Ancak yarıda kalan birtakım olumlu gelişmeleri de yok sayamayız. Muhsin Ertuğrul-Haldun Taner ikilisinin yönlendirmesiyle kurulan AÇOK( Anadolu Çocuk Oyunları Kolu) mesela.Yetmişli yılların ikinci yarısında kurulan grup hedef yaş grubunu belirleyip,pedagog ve psikologlarla çalışmıştır ve amaçlarına bakıldığında Grips Tiyatrosuyla benzerlikler taşımaktadır.

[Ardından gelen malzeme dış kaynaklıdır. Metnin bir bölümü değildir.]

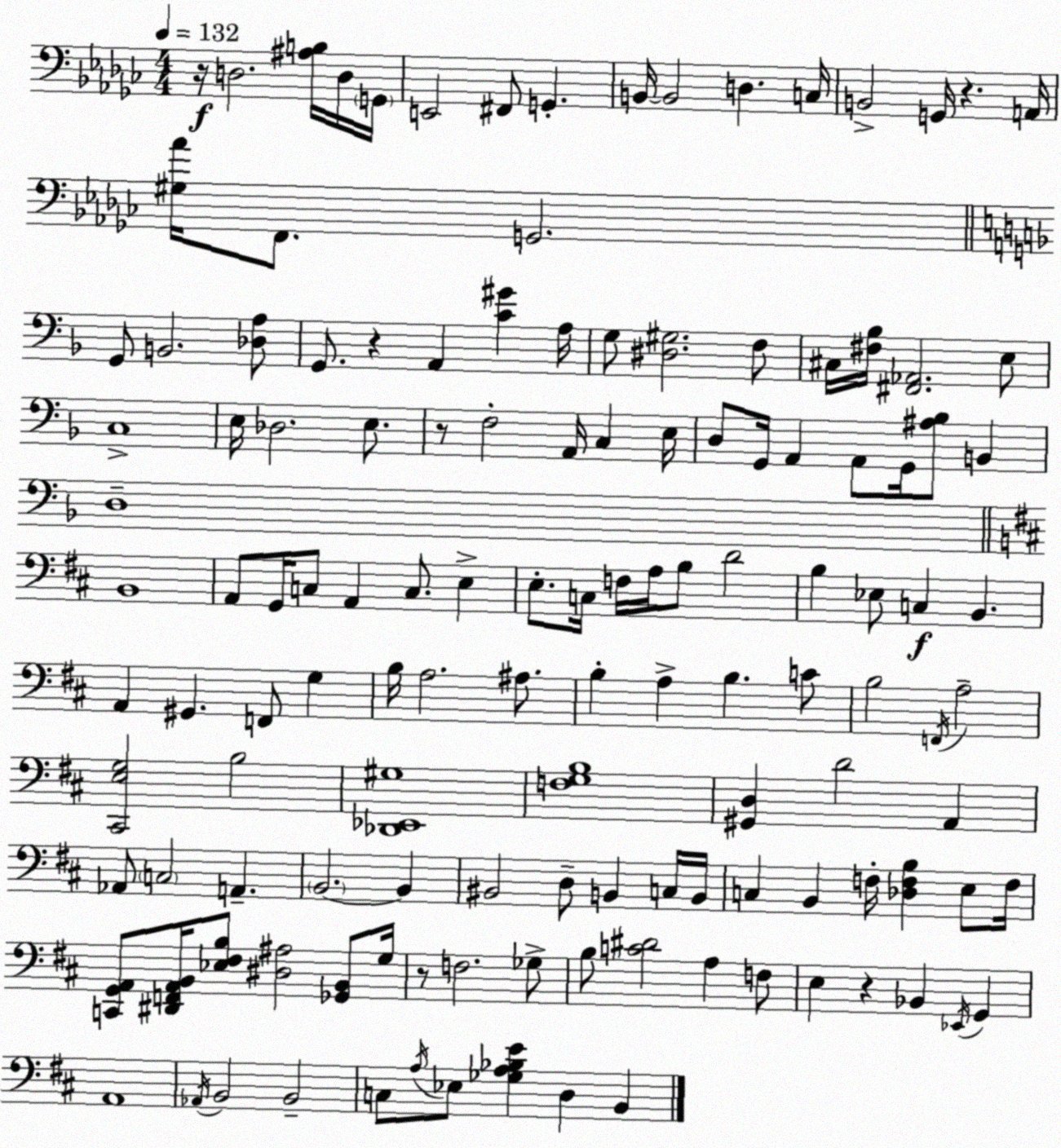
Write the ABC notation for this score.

X:1
T:Untitled
M:4/4
L:1/4
K:Ebm
z/4 D,2 [^A,B,]/4 D,/4 G,,/4 E,,2 ^F,,/2 G,, B,,/4 B,,2 D, C,/4 B,,2 G,,/4 z A,,/4 [^G,_A]/4 F,,/2 G,,2 G,,/2 B,,2 [_D,A,]/2 G,,/2 z A,, [C^G] A,/4 G,/2 [^D,^G,]2 F,/2 ^C,/4 [^F,_B,]/4 [^F,,_A,,]2 E,/2 C,4 E,/4 _D,2 E,/2 z/2 F,2 A,,/4 C, E,/4 D,/2 G,,/4 A,, A,,/2 G,,/4 [^A,_B,]/2 B,, D,4 B,,4 A,,/2 G,,/4 C,/2 A,, C,/2 E, E,/2 C,/4 F,/4 A,/4 B,/2 D2 B, _E,/2 C, B,, A,, ^G,, F,,/2 G, B,/4 A,2 ^A,/2 B, A, B, C/2 B,2 F,,/4 A,2 [^C,,E,G,]2 B,2 [_D,,_E,,^G,]4 [F,G,B,]4 [^G,,D,] D2 A,, _A,,/2 C,2 A,, B,,2 B,, ^B,,2 D,/2 B,, C,/4 B,,/4 C, B,, F,/4 [_D,F,B,] E,/2 F,/4 [C,,G,,A,,]/2 [^D,,F,,A,,B,,]/4 [_E,^F,B,]/2 [^D,^A,]2 [_G,,B,,]/2 G,/4 z/2 F,2 _G,/2 B,/2 [C^D]2 A, F,/2 E, z _B,, _E,,/4 G,, A,,4 _A,,/4 B,,2 B,,2 C,/2 A,/4 _E,/2 [_G,A,_B,E] D, B,,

Ankara Çocuk Tiyatrosu,Binbir Gece Çocuk Tiyatrosu da AÇOK’la aynı felsefeyi taşımakta ancak sonuçta aynı kaderi paylaşmaktadır.
Günümüze bakıldığında ise, Şehir ve Devlet Tiyatrolarının repertuarlarının iyice daraltıldığını,oyunların Türkiye’nin içinde bulunduğu durumla ilintili seçildiğini görebiliriz.Öte yandan çocuklara oynayan grup sayısında da epeyce artış olduğu gözlenmektedir. Ancak çocuklar üzerinden gelir elde etme amacındaki özel gruplar denetimsizce oynadıkları oyunlarla tiyatroyu ne derece sevdirebilir,çocuklara ne verebilir?Bu soruların cevabı da endişe vericidir.